EUDR: Wie Sie sich optimal vorbereiten

Mit der EU-Entwaldungsverordnung begeht die EU einen Paradigmenwechsel in der Regulierung von Lieferketten. Unternehmen dürfen Produkte nicht einführen oder im EU-Markt handeln, wenn durch sie Entwaldung entstanden sind. Welche Produkte sind betroffen und was ist zu tun?
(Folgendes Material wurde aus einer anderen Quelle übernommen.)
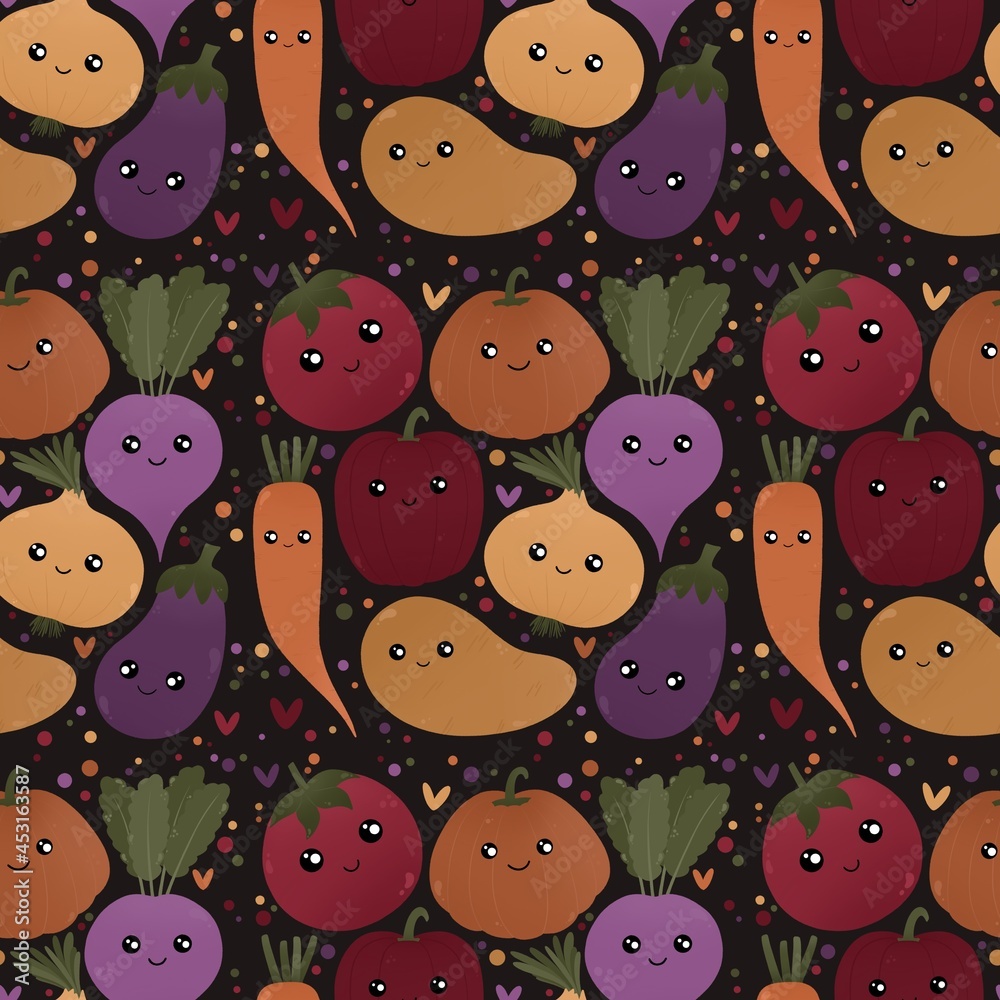 cute colorful pattern with vegetables cute colorful pattern with vegetables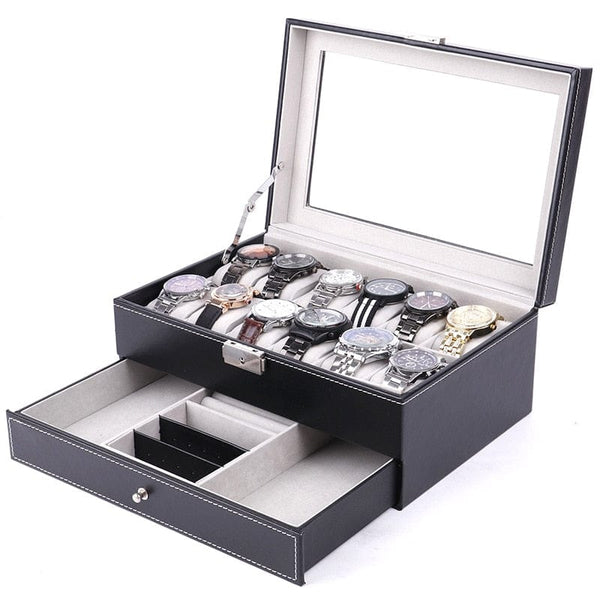 12 Slot PU Leather Watch Storage Boxes, Men &amp; Women Jewelry Display Drawer Case, 2-Tier Organizer Watch Showcase with Glass Lid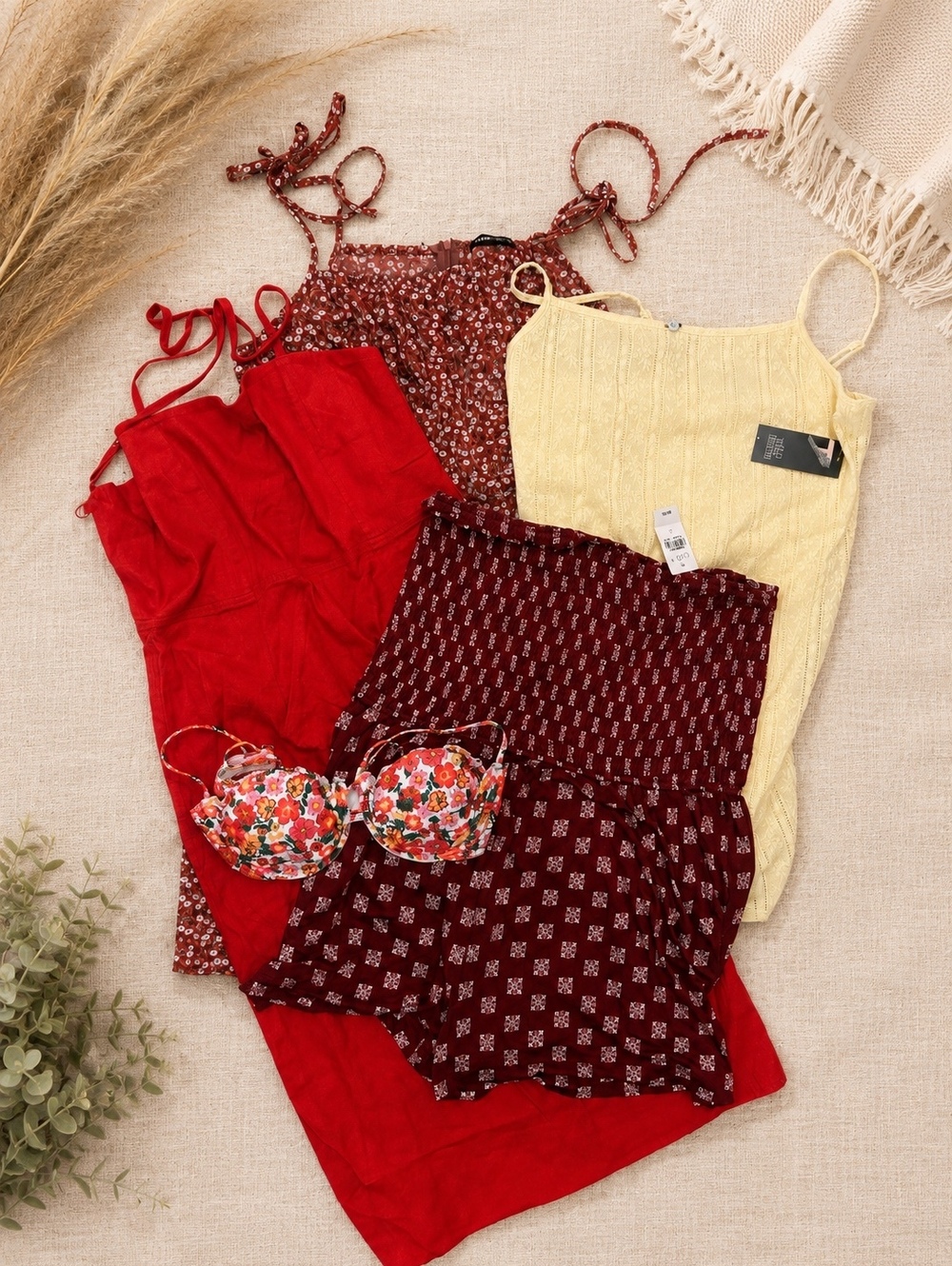 Women’s Large Summer Clothing Bundle 3 Dresses Romper 5 PC Free Bikini Top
Was besagt die EU-Entwaldungsverordnung?

Die EU-Entwaldungsverordnung EUDR (EU Deforestation Regulation) tritt nach einjähriger Verschiebung bereits zum 30.Dezember 2025 in Kraft. Das Kerninstrument der Verordnung ist ein striktes Verkehrsverbot: Relevante Rohstoffe und Erzeugnisse dürfen nur dann in der EU in Verkehr gebracht, auf dem Markt bereitgestellt oder aus ihr ausgeführt werden, wenn drei kumulative Bedingungen erfüllt sind:
  1. Sie sind entwaldungsfrei.
  2. Sie wurden im Einklang mit den relevanten Rechtsvorschriften des Erzeugerlandes erzeugt.
  3. Für sie liegt eine Sorgfaltserklärung vor.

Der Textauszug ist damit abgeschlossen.